The next exit wasn't much better. Columbus Ga sucks. Full of redneck bastards and inbreeds. We walked to some sort of grocery store and got some cardboard and used their sharpie to make an ATL sign for hitching, then we went for the highway on ramp. Twitch was pretty damn drunk at this point and stumbled into the street a few times, me yanking him back up on the curb. We passed a church parking lot on the way to the on ramp some man rolled down his window and handed me ten bucks. Later, Twitch had no memory of this. Ha! Drunk ass. We stood there, by the church and the on ramp for, oh maybe FIVE whole minutes before MORE cops told us to *shut that shit down* on their PA speaker. Telling us we can't fly a sign there or hitch there. Fuck. The yard in Columbus is such bullshit, and hitching was really our only option. 

So we walked down to some gas station and posted up for awhile. We flipped our ATL hitching sign to the other side, where we had written traveling, broke and hungry and just sat it in front of us and a few people gave us money. We stayed there for about an hour or so until the lady working in the store kicked us off the property. 

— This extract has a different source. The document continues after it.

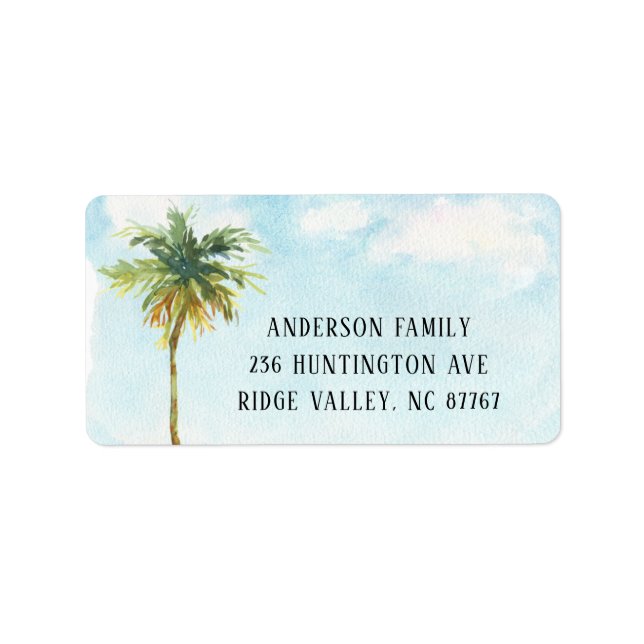 Watercolor Palm Tree New Address Label (Front)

Eventually, we went back to that SAME on ramp the cops had kicked us off of (fuck the police) and flew the sign anyways. We were there for what seemed like FOREVER. We had left my place early that morning. It was now around 1 and we hadn't made it but about 5 miles. We are officially the worst hitch hikers in history. Eventually a truck passed, and as he did I yelled out *As far as you're going, help us out man!* and he pulled over. We hoped in the back, stoked to have a ride. He dropped us off 2 exits down....

Now, accessing our NEW area of Columbus Ga we realize we are in Yuppieville. Wtf. And why can't we get out of COLUMBUS! SHIT. We spent an hour or so on the on ramp there, as I was baking and sun burning like fuck. Of course, no one pulled over and finally we ran out of water and there was nothing to drink but rum. Didn't think that was such a great idea so we walked down to some Yuppieville shopping plaza. Got some water, and god damn it was hot as HELL. We spent the next few hours sitting in this shopping plaza in front of an Applebee's. Some hispanic man kept driving a golf cart past us, back and forth from one business to another, with a HUGE garbage can of water on the back of it. Every time he passed I would ask him for water and he would just smile and laugh and babble something in Spanish. i don't think he had a fucking clue what I was saying, but either way it was pretty amusing and passed the time a little bit. We watched someone load a huge riding lawnmower up into a truck, and joked about stealing it and that being our get away vehicle out of Columbus. Although we couldn't go very fast so I'm not sure how effective this plan really would have been. But we figured the master plan to it would be to just mow the grass down the side of the interstate, and just keep riding and mowing until we ran out of gas. And hell if the cops showed up, why officer! We were just doing our part to keep the interstate looking good. Yeah..we shortly disbanned this idea. 

Some lady from Applebee's came out and saw our sign and we asked her if we could get any table scraps. A few mins later she kicked down fresh chicken strips with fries and water. This was the highlight of our day.

At some point, I got bored and stole a bra from Kmart. The god damn thing was tricky too. Had these crazy straps and hooks and I got lost for a little while in Circle K bathroom trying to put it on with Twitch waiting outside. Evidently some cop walked in the store after me and didn't come out for a little while either, so Twitch sitting outside the gas station thought I had been busted for stealing. LOL. Ahahaha...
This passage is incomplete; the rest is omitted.